T.R.: Estamos a enfrentar uma crise global, mas antes já tínhamos uma política de imigração toda baseada na segurança. Estive em 40 a 50 conferências europeias e sempre que falamos de imigração falamos de segurança. As pessoas defendem um mercado livre quando se trata de dinheiro e um mercado de segurança quando em estão em causa seres humanos.
Mas parece haver um endurecimento quase generalizado nas políticas de combate à imigração ilegal. A Itália criminaliza e expulsa, Espanha quer repatriar.

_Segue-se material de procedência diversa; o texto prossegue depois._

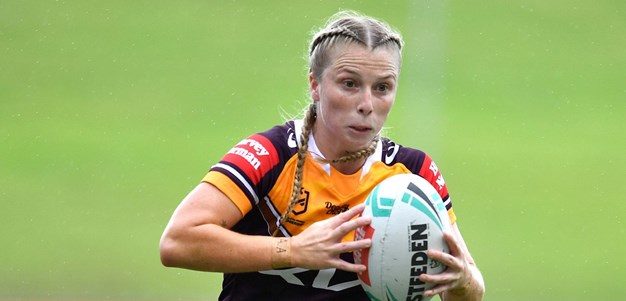 The NRLW stars ready to explode: Tarryn Aiken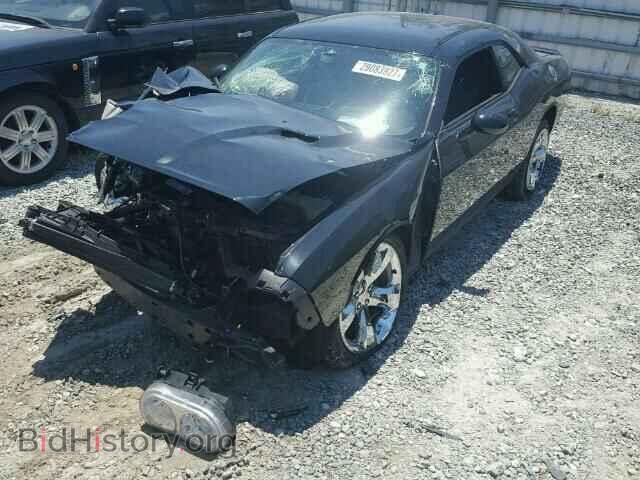2014 DODGE CHALLENGER - VIN: 2C3CDYAG2EH270253 - Photo 2
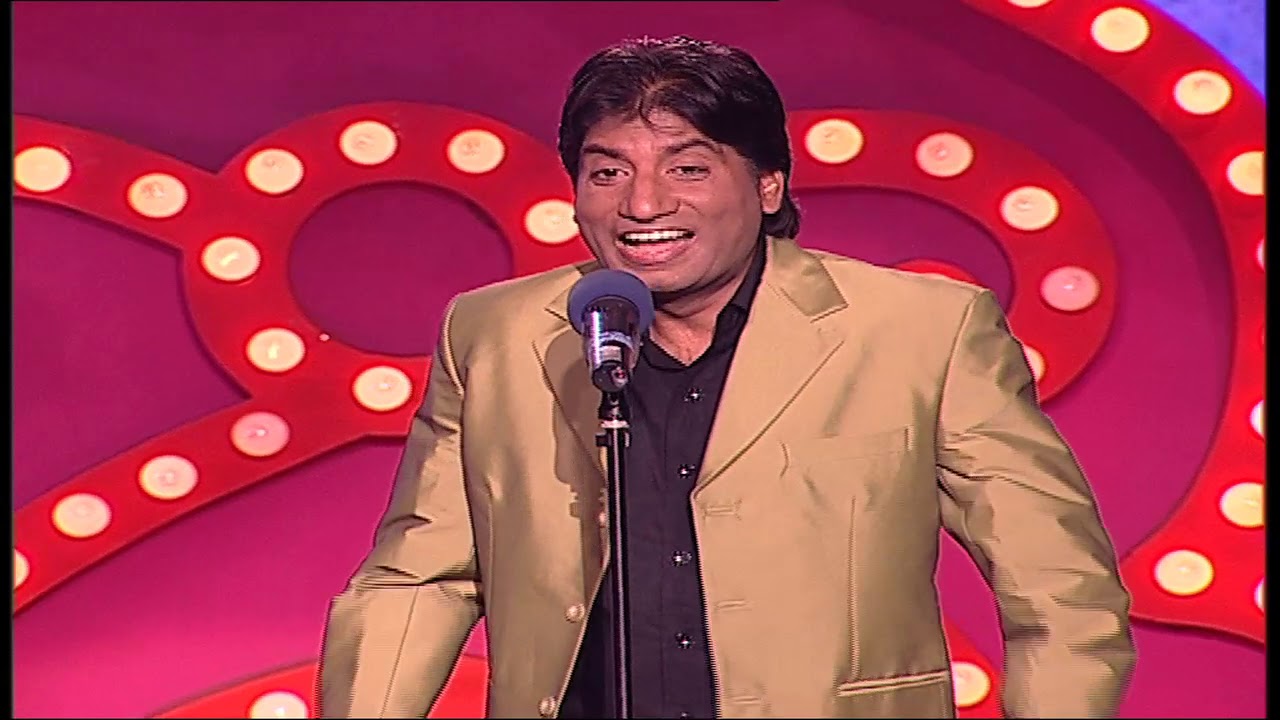 raju srivastav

Sim, a crise global ajuda alguns governos a assumir um certo discurso. Sabem que terão apoio porque as pessoas estão assustadas. E isso está a acontecer com todos, à direita, à esquerda. Mas na União Europeia, dizem-nos os números, nos próximos 20 anos vamos precisar de 15 a 20 milhões de trabalhadores ou a economia não sobreviverá. Temos uma necessidade económica e uma resistência cultural. Tratamo-los de uma forma que não é aceitável, mas sabemos que vamos precisar deles. Temos campos em Itália, França, Espanha. As pessoas estão a ser tratadas de forma inaceitável, como animais, lamento dizê-lo. E depois falamos de direitos humanos, de respeito pelas pessoas, do Estado de direito. Temos de ser consistentes com o que dizemos.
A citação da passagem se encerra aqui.